Scraped caption text data
- - - - -

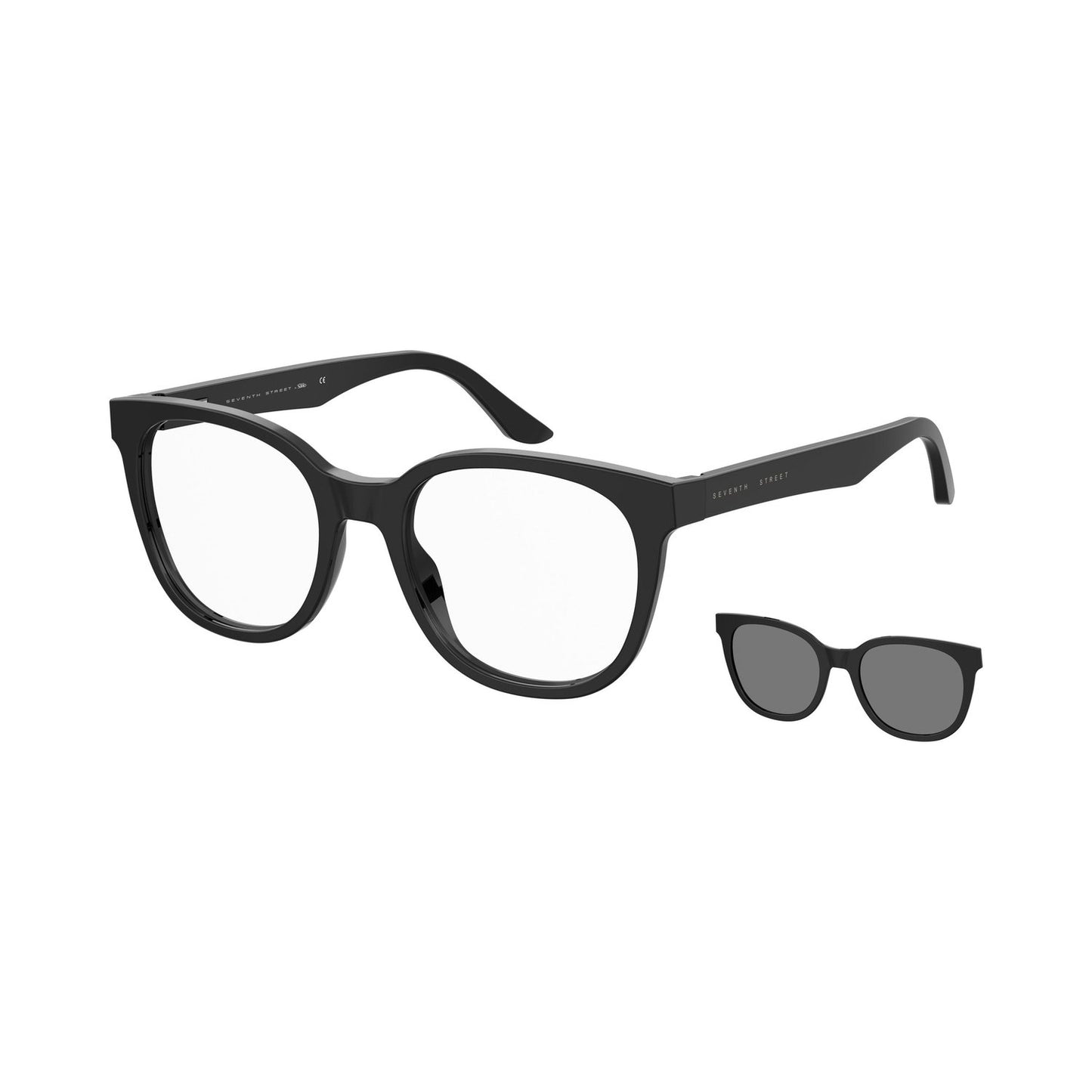 7a 582/cs 807/M9 BLACK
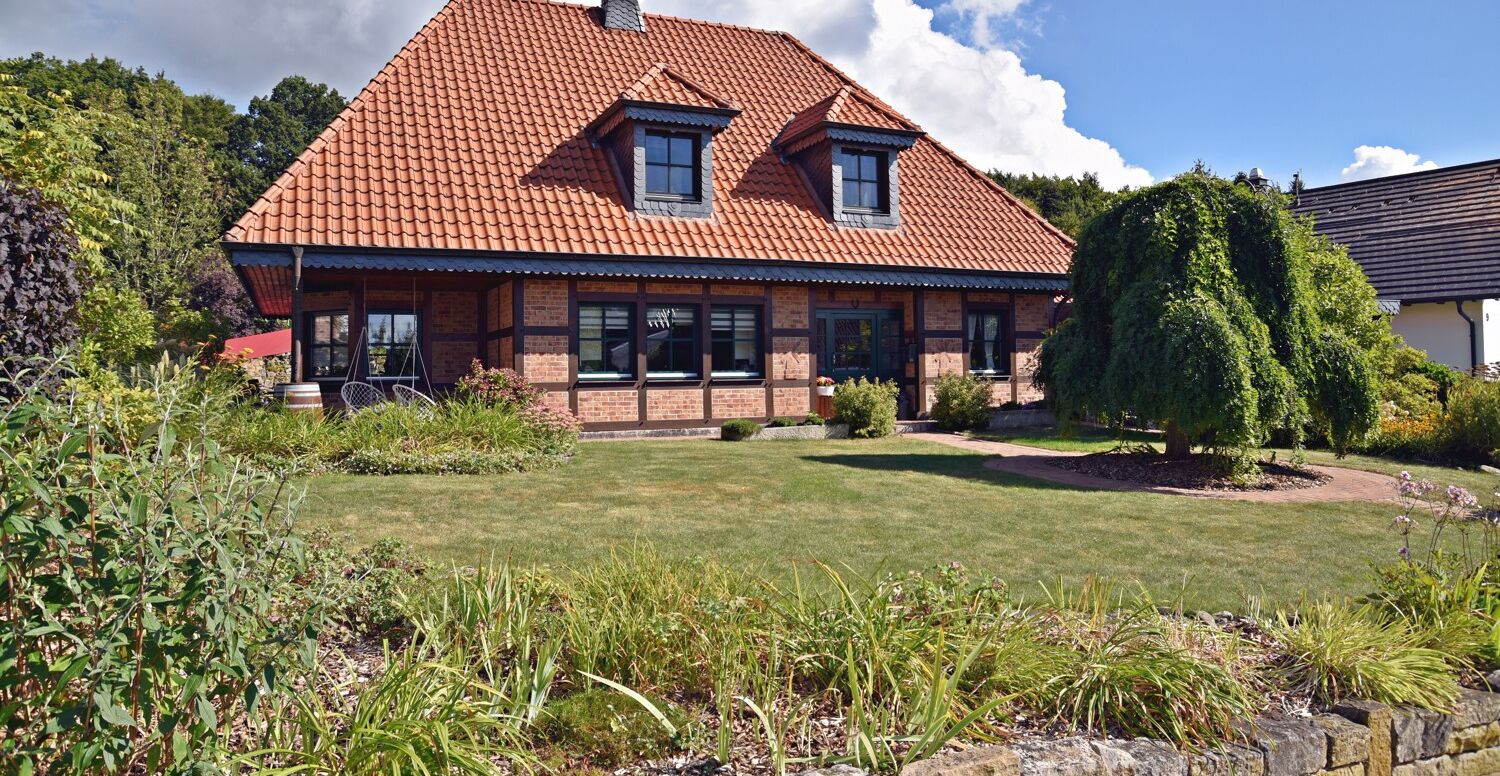 Außenansicht 6
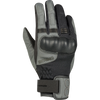 LADY PROFIL Black/Gray 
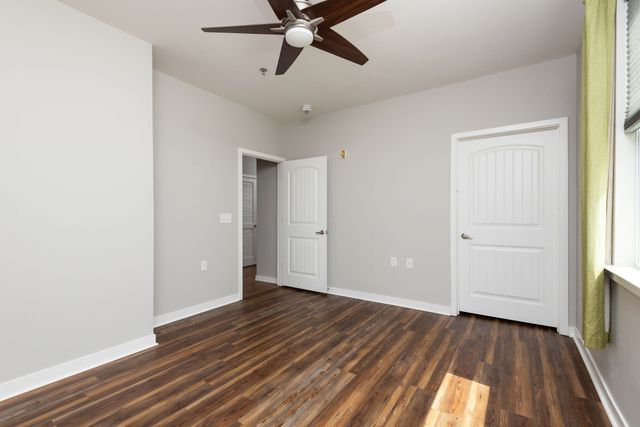 1122 Litton Ave Apt 110, Nashville, TN 37216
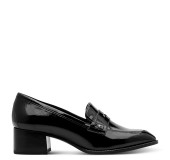 TAMARIS 1-24342-47-001 BLACK TAMARIS 1-24342-47-001 BLACK
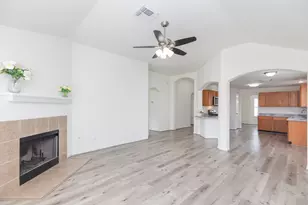 16307 Goanna Ct, Sugar Land, TX 77498 - Photo 14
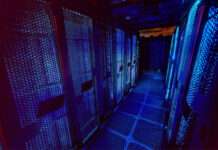 Google to Invest ₹52K Cr in Vizag Data Centre Google plans to invest ₹52,000 crore in a Vizag data centre, including ₹17,500 crore for green energy development.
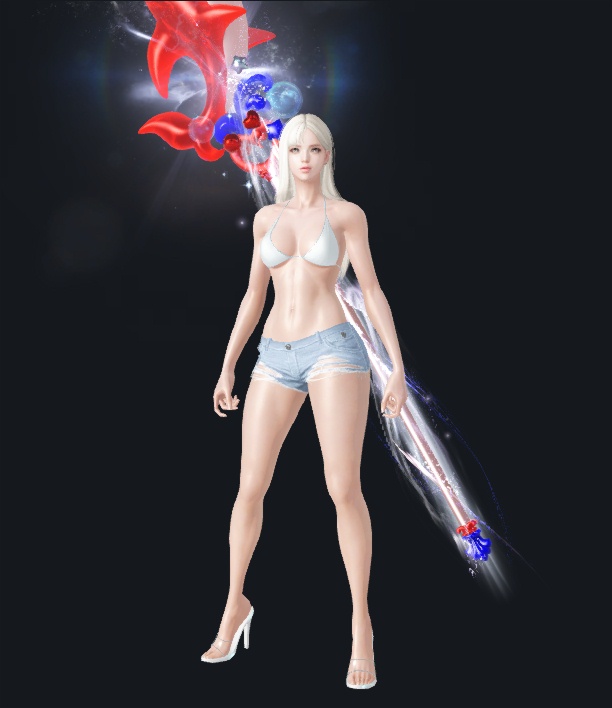 창문너머빗소리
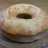 Torta de aceite y yogurt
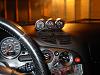 opinions on Gauges-dscn2572.jpg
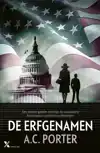 DE ERFGENAMEN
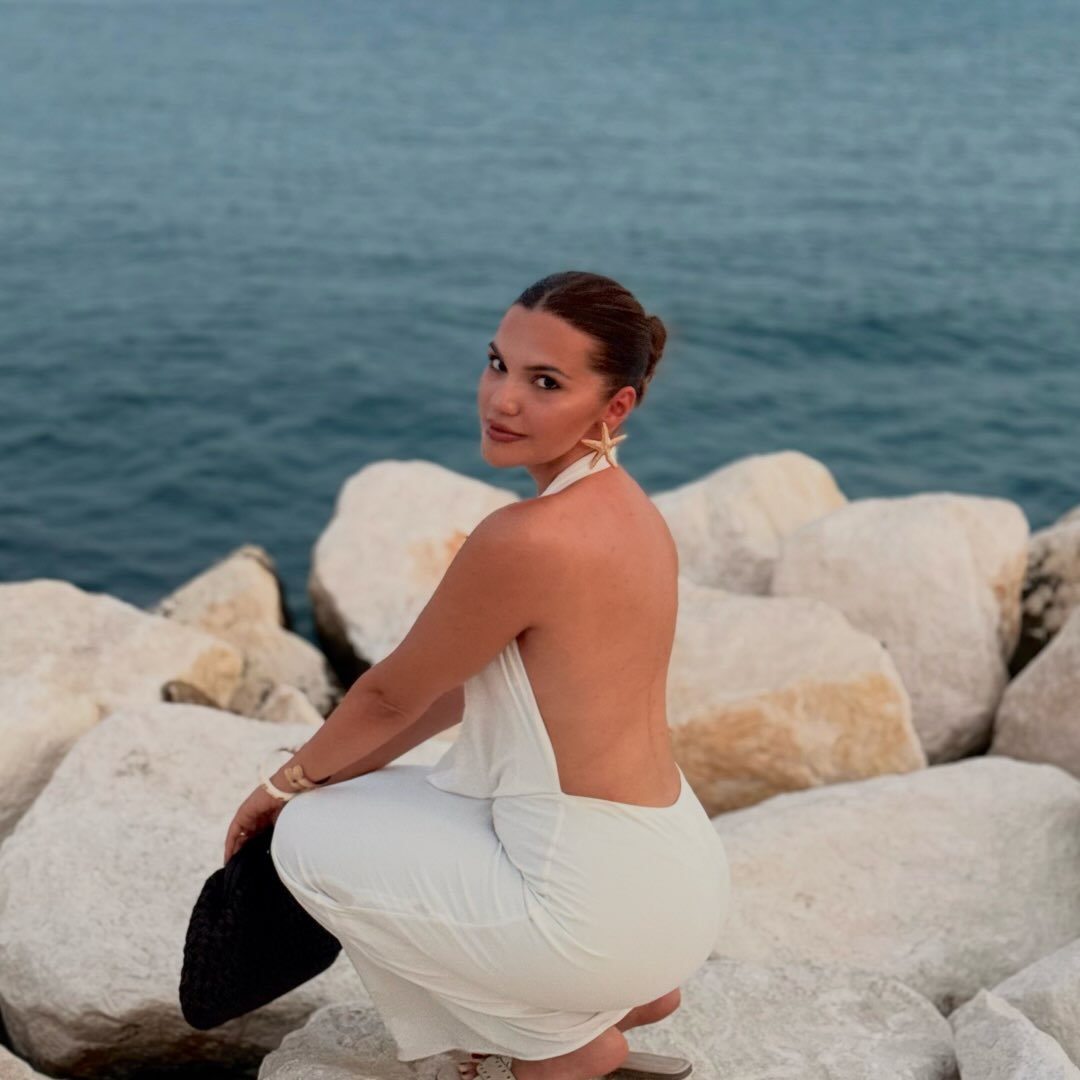 Instagram Profilbild von e.kobasevic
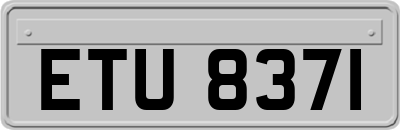 ETU8371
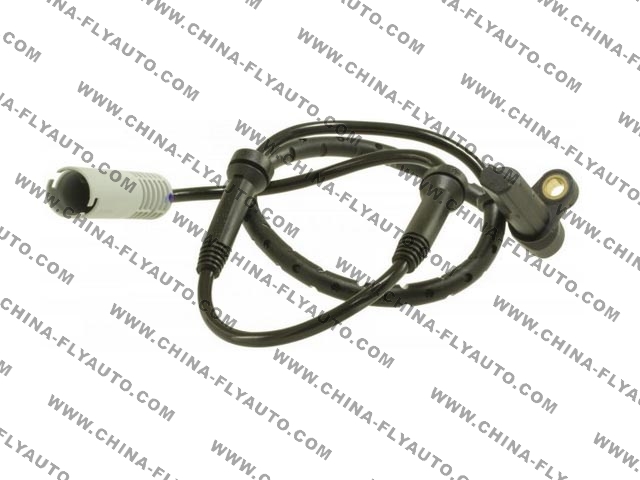 34521182160<br>SU11990<br>Sensor,Fly auto parts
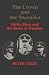 The crown and the swastika:...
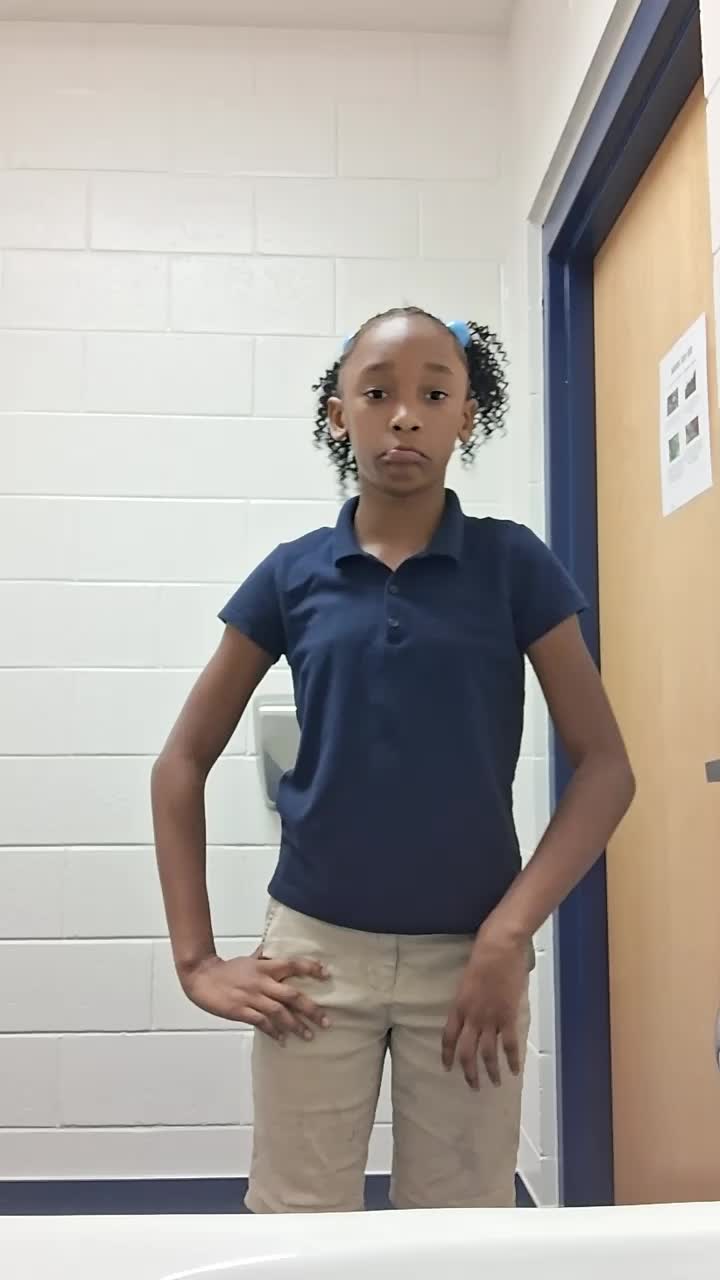 @Lilliethatgirl123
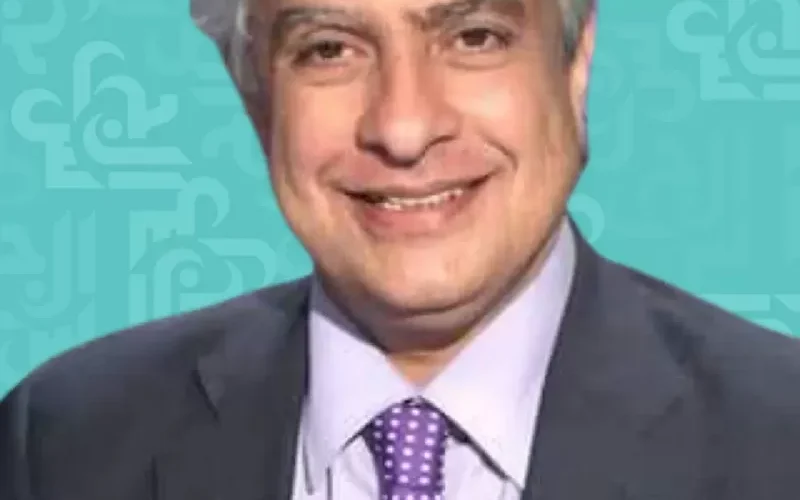بأمر قضائي : استخراج جثة وائل الإبراشي لتشريحها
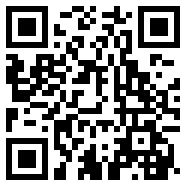wildcraft最新版下载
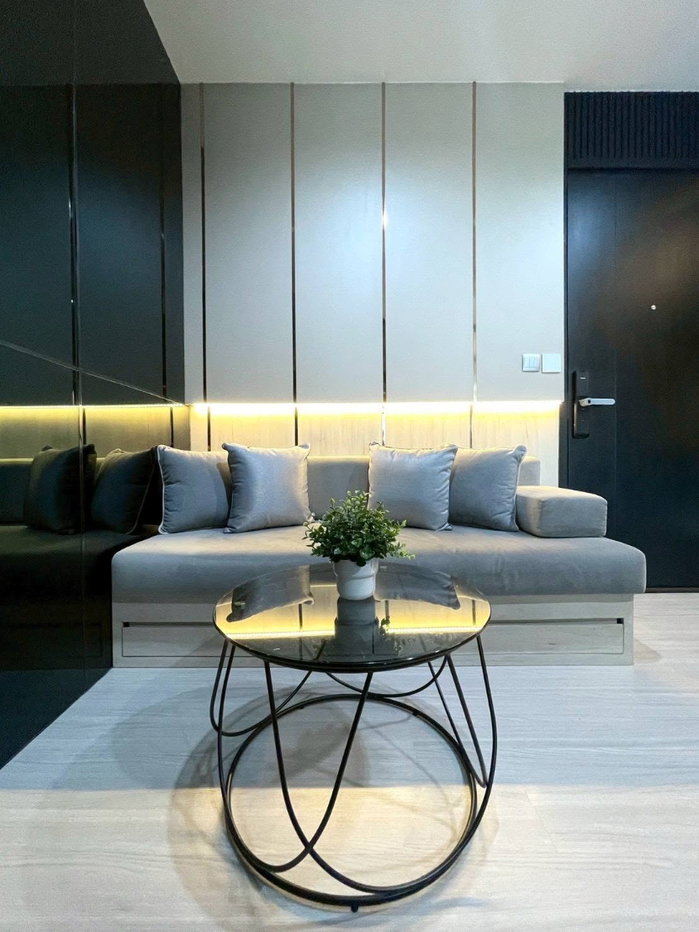 picture #SC14403  📌 Rent | 🟦🟨Life Asoke Hype​🟥🟩𝑪𝒐𝒏𝒕𝒂𝒄𝒕𝑳𝑰𝑵𝑬:@𝒔𝒆𝒄𝒓𝒆𝒕𝒑𝒓𝒐𝒑𝒆𝒓𝒕𝒚 🔥✨ - 9/19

- - - - -

Your task: From the line containing "TAMARIS 1-24342-47-001 BLACK TAMARIS" to the final line above, both included, transcribe every line exactly and leave all pictures out.

Solution for this problem:
 TAMARIS 1-24342-47-001 BLACK TAMARIS 1-24342-47-001 BLACK
 16307 Goanna Ct, Sugar Land, TX 77498 - Photo 14
 Google to Invest ₹52K Cr in Vizag Data Centre Google plans to invest ₹52,000 crore in a Vizag data centre, including ₹17,500 crore for green energy development.
 창문너머빗소리
 Torta de aceite y yogurt
 opinions on Gauges-dscn2572.jpg
 DE ERFGENAMEN
 Instagram Profilbild von e.kobasevic
 ETU8371
 34521182160<br>SU11990<br>Sensor,Fly auto parts
 The crown and the swastika:...
 @Lilliethatgirl123
بأمر قضائي : استخراج جثة وائل الإبراشي لتشريحها
wildcraft最新版下载
 picture #SC14403  📌 Rent | 🟦🟨Life Asoke Hype​🟥🟩𝑪𝒐𝒏𝒕𝒂𝒄𝒕𝑳𝑰𝑵𝑬:@𝒔𝒆𝒄𝒓𝒆𝒕𝒑𝒓𝒐𝒑𝒆𝒓𝒕𝒚 🔥✨ - 9/19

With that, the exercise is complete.